TASK TO CARRY OUT
Your task is to transcribe the lines from the start of the data below through the line containing "Amino acids can", inclusive, exactly as they stand and without the pictures.

:: EXERCISE MATERIALS

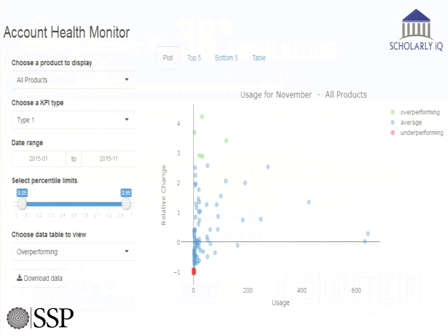So what does it look like? Essentially, if you're looking at the graph on the right, each dot is an account. We're plotting the current month's usage on the horizontal axis, and on the vertical we're comparing that with each institution's average usage over the preceding year. We color code that — green at the top shows significant increases in usage, and red at the bottom are the potentially at-risk accounts showing decreases in usage.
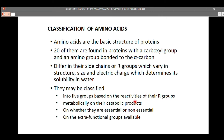Amino acids can be classified into 5 groups based on the reactivity of the R-groups. They can also be grouped metabolically based on their catabolic products. They can also be classified based on whether they are essential or non-essential amino acids, and also based on the extra functional groups that are available. These are the basic classifications of amino acids.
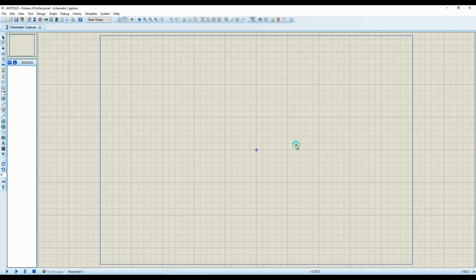Welcome, this is Einstein, also known as open source code gangster, with another tutorial in Proteus. Today we're going to be talking about selecting simulatable components in the Proteus development environment. As shown in the first introduction video, I covered how to place components on the board, so I'm continuing from there. The best simulatable components follow the normal path with passive components — resistors, capacitors, inductors — those are the most commonly used components.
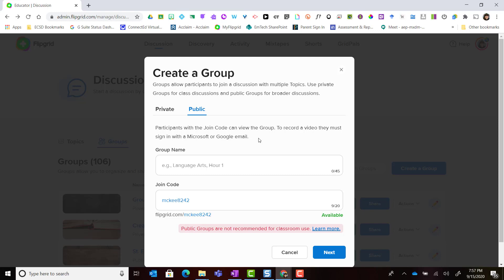Instead, participants with the link or the join code can view and participate in the group. In order to record a video they must sign in with a Microsoft or Google email.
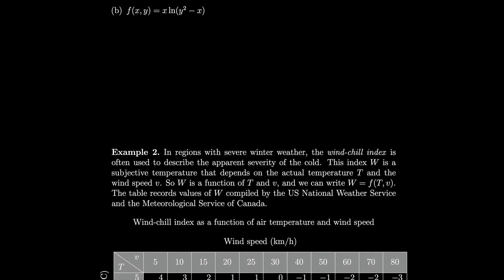How about this next function? Let's try plugging in f(3, 2) to get some practice evaluating. We get 3 ln(2² − 3), which is 3 ln(1), which is just zero.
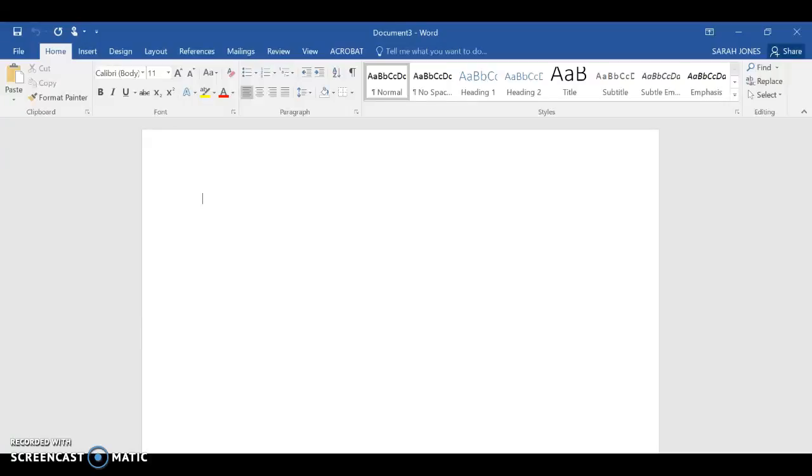Hey, Intro to 2D, this is Mrs. Jones. I just wanted to walk you through getting started with our David Hockney inspired joiner pictures.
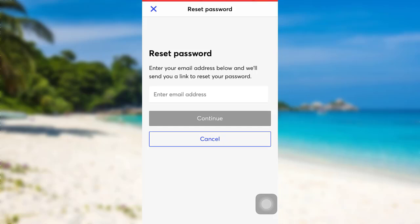So, enter the email address and then check your mail for the link to reset your password. After that, follow the instructions provided.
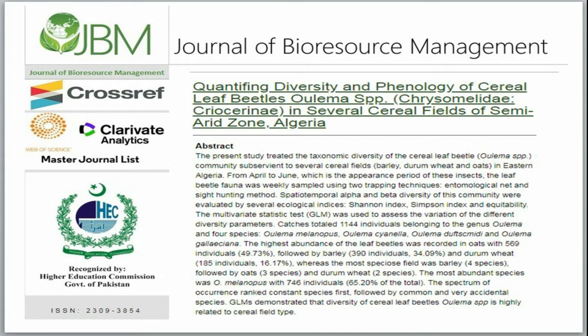Catches totaled 1,144 individuals belonging to the genus Ulema and four species: Ulema melanipus, Ulema cyanela, Ulema duftsucmidae, and Ulema galicia.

::::

RESPONSE TO THE TASK
So what does it look like? Essentially, if you're looking at the graph on the right, each dot is an account. We're plotting the current month's usage on the horizontal axis, and on the vertical we're comparing that with each institution's average usage over the preceding year. We color code that — green at the top shows significant increases in usage, and red at the bottom are the potentially at-risk accounts showing decreases in usage.
Amino acids can be classified into 5 groups based on the reactivity of the R-groups. They can also be grouped metabolically based on their catabolic products. They can also be classified based on whether they are essential or non-essential amino acids, and also based on the extra functional groups that are available. These are the basic classifications of amino acids.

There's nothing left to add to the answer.